BSM (Baggage Source Message): has the purpose to indicate to BHS which flight is destined the baggage with a given label (this message also provides further information, such as the fact that the baggage is or not on the waiting list, if required X-ray control (X-ray inspection), etc.
BTM (Baggage Transfer Message): it is a message similar to the previous one, but is intended to allow the management of baggage in transit, that is, those arriving that must be downloaded and transferred on a connecting flight.
Evaluation parameters of a BHS
The efficiency of a BHS is measured according to two main parameters, which are:

the number of checked baggage per hour
the percentage of error in baggage routing
The first parameter can be improved by increasing the speed of the tapes, while the second by using more sophisticated systems for reading the baggage tags (Bag Tag). The use of RFID tags prevents many problems related to the occasional illegibility of labels.

The time required to transfer a baggage (and its owner, of course) from one flight to another helps to define the so-called connecting time (MCT – Minimum Connection Time) of an airport: the smaller the airport is, the more efficient in handling passengers and baggage, allowing ticket agencies to issue tickets for faster connections.

The journey of a suitcase
When a passenger checks in his or her luggage, a luggage tag is hung on the suitcase. On this label, in addition to the flight number, flight date and airport of destination, there is also a barcode and a number, the license plate code (LPC). There is also an RFID chip in the labels nowadays.

The suitcase then goes on the conveyor belt between the check-in desks and disappears from the view of the passenger. Transfer cases are also loaded on unloading quays.

At that moment the suitcase enters the baggage system. First of all, the suitcase is weighed and measured, too large, too high or too long objects are poured and are brought manually to their sorting belt. After this the label of the suitcase is scanned and the computer system searches for the associated flight and on which sorting belt it is planned. This determines the route of the suitcase through the system.

After this, the suitcase passes through at least one screening machine, which checks whether there are no explosives or other hazardous materials in the suitcase.

If the suitcase is safe, it is checked whether the sorting belt is already open for the flight. If the passenger has checked in very early, it may be that the flight is not yet open. Then the suitcase can temporarily be stored in a buffer. When the flight opens, the suitcases for that flight will spread out of the buffer and continue their journey.

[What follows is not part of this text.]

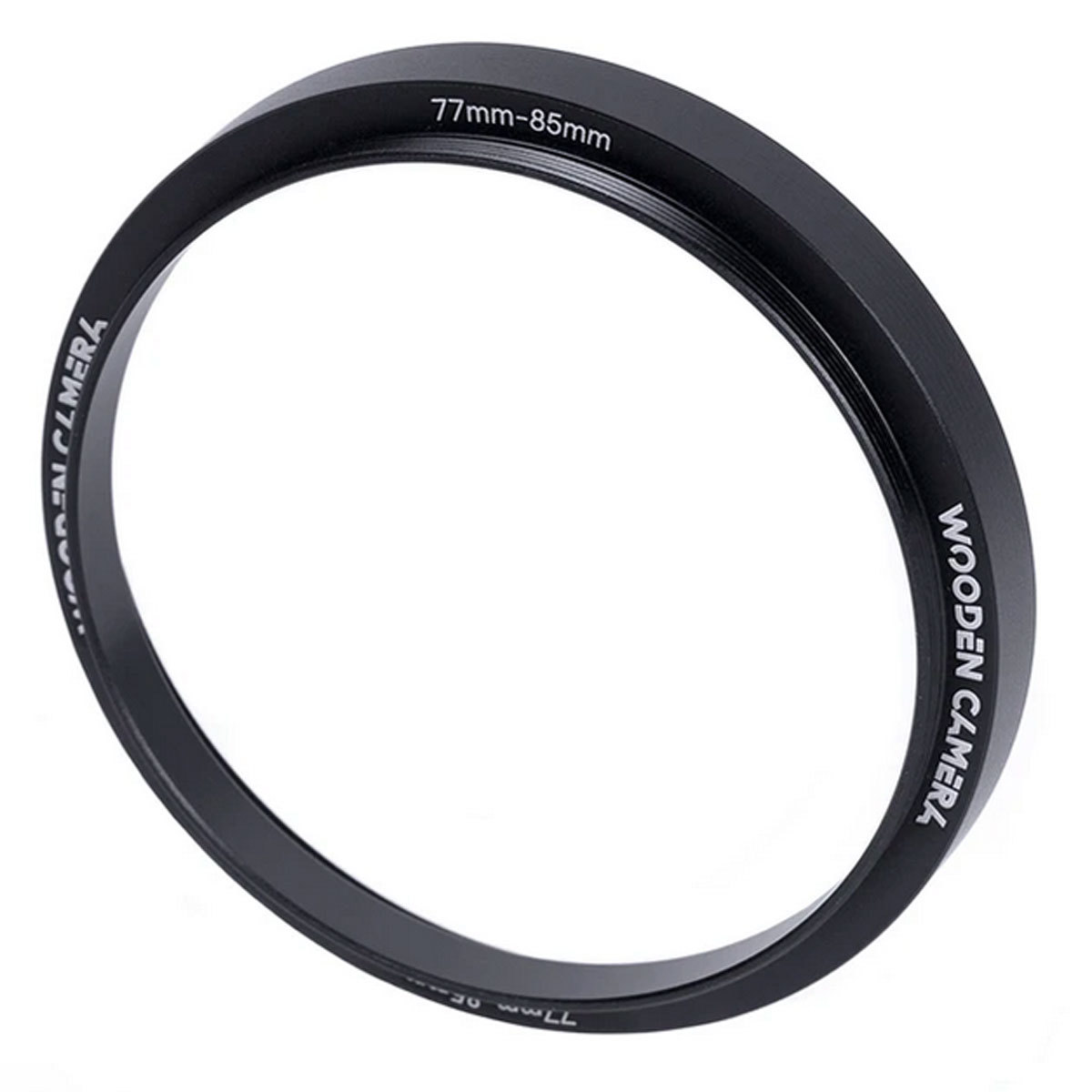 

Wooden Camera 77-85mm Step-Up Ring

If the flight is open, the suitcase will go to the sorting belt, there can be a final check, the make-up. In this check it is checked whether the passenger is already at the gate. If not, the case will not (yet) be loaded onto the plane. The suitcases that have been approved are loaded manually or with a robot in containers or on luggage trolleys.

These containers or baggage carts are then brought to the plane. There the journey of the suitcase ends through the baggage system.